So that nothing is lost, write out all the lines below exactly.

### EXCERPTED DATA
——

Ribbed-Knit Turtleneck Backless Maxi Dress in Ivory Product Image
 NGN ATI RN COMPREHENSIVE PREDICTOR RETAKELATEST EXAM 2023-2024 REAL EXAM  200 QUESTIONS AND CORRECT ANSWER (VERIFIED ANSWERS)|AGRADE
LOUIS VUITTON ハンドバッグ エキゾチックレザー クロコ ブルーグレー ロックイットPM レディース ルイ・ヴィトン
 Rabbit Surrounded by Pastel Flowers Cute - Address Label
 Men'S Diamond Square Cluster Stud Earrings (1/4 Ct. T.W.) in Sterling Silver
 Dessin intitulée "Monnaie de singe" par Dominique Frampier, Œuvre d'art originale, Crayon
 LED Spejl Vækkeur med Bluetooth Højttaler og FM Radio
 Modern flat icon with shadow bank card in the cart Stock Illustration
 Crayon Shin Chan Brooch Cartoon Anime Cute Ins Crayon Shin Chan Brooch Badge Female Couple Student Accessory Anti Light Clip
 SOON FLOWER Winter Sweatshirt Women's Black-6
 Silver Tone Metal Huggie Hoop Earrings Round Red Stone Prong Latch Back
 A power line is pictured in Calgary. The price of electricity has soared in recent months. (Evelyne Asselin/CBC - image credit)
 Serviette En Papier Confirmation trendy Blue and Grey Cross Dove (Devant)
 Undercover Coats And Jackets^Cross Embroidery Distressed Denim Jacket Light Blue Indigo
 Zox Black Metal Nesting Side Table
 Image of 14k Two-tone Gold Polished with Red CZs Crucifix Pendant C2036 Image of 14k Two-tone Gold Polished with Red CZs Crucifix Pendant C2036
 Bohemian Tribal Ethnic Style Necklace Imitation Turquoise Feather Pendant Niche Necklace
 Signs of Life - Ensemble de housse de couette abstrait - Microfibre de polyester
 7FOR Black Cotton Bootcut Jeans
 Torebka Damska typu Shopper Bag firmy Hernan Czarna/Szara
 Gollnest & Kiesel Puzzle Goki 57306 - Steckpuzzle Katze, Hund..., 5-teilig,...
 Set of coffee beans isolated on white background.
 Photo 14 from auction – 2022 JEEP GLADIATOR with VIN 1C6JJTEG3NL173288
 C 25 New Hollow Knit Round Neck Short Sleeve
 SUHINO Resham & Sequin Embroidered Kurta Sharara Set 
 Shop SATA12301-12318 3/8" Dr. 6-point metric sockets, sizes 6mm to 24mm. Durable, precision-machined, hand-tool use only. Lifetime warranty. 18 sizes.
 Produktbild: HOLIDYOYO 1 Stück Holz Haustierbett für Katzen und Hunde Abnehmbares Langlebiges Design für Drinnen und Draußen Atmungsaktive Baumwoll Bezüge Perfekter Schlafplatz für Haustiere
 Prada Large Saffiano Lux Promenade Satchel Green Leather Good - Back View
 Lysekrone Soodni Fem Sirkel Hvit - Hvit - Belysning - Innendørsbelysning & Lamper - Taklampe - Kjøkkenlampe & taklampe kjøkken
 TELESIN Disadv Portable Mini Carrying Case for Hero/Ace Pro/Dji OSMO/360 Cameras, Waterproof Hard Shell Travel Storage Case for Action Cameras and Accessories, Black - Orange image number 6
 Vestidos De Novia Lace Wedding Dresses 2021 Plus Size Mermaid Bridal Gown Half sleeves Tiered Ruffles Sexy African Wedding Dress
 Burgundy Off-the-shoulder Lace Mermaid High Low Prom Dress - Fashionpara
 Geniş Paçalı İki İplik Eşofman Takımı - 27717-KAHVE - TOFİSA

——

### SOLUTION BELOW
Ribbed-Knit Turtleneck Backless Maxi Dress in Ivory Product Image
 NGN ATI RN COMPREHENSIVE PREDICTOR RETAKELATEST EXAM 2023-2024 REAL EXAM  200 QUESTIONS AND CORRECT ANSWER (VERIFIED ANSWERS)|AGRADE
LOUIS VUITTON ハンドバッグ エキゾチックレザー クロコ ブルーグレー ロックイットPM レディース ルイ・ヴィトン
 Rabbit Surrounded by Pastel Flowers Cute - Address Label
 Men'S Diamond Square Cluster Stud Earrings (1/4 Ct. T.W.) in Sterling Silver
 Dessin intitulée "Monnaie de singe" par Dominique Frampier, Œuvre d'art originale, Crayon
 LED Spejl Vækkeur med Bluetooth Højttaler og FM Radio
 Modern flat icon with shadow bank card in the cart Stock Illustration
 Crayon Shin Chan Brooch Cartoon Anime Cute Ins Crayon Shin Chan Brooch Badge Female Couple Student Accessory Anti Light Clip
 SOON FLOWER Winter Sweatshirt Women's Black-6
 Silver Tone Metal Huggie Hoop Earrings Round Red Stone Prong Latch Back
 A power line is pictured in Calgary. The price of electricity has soared in recent months. (Evelyne Asselin/CBC - image credit)
 Serviette En Papier Confirmation trendy Blue and Grey Cross Dove (Devant)
 Undercover Coats And Jackets^Cross Embroidery Distressed Denim Jacket Light Blue Indigo
 Zox Black Metal Nesting Side Table
 Image of 14k Two-tone Gold Polished with Red CZs Crucifix Pendant C2036 Image of 14k Two-tone Gold Polished with Red CZs Crucifix Pendant C2036
 Bohemian Tribal Ethnic Style Necklace Imitation Turquoise Feather Pendant Niche Necklace
 Signs of Life - Ensemble de housse de couette abstrait - Microfibre de polyester
 7FOR Black Cotton Bootcut Jeans
 Torebka Damska typu Shopper Bag firmy Hernan Czarna/Szara
 Gollnest & Kiesel Puzzle Goki 57306 - Steckpuzzle Katze, Hund..., 5-teilig,...
 Set of coffee beans isolated on white background.
 Photo 14 from auction – 2022 JEEP GLADIATOR with VIN 1C6JJTEG3NL173288
 C 25 New Hollow Knit Round Neck Short Sleeve
 SUHINO Resham & Sequin Embroidered Kurta Sharara Set 
 Shop SATA12301-12318 3/8" Dr. 6-point metric sockets, sizes 6mm to 24mm. Durable, precision-machined, hand-tool use only. Lifetime warranty. 18 sizes.
 Produktbild: HOLIDYOYO 1 Stück Holz Haustierbett für Katzen und Hunde Abnehmbares Langlebiges Design für Drinnen und Draußen Atmungsaktive Baumwoll Bezüge Perfekter Schlafplatz für Haustiere
 Prada Large Saffiano Lux Promenade Satchel Green Leather Good - Back View
 Lysekrone Soodni Fem Sirkel Hvit - Hvit - Belysning - Innendørsbelysning & Lamper - Taklampe - Kjøkkenlampe & taklampe kjøkken
 TELESIN Disadv Portable Mini Carrying Case for Hero/Ace Pro/Dji OSMO/360 Cameras, Waterproof Hard Shell Travel Storage Case for Action Cameras and Accessories, Black - Orange image number 6
 Vestidos De Novia Lace Wedding Dresses 2021 Plus Size Mermaid Bridal Gown Half sleeves Tiered Ruffles Sexy African Wedding Dress
 Burgundy Off-the-shoulder Lace Mermaid High Low Prom Dress - Fashionpara
 Geniş Paçalı İki İplik Eşofman Takımı - 27717-KAHVE - TOFİSA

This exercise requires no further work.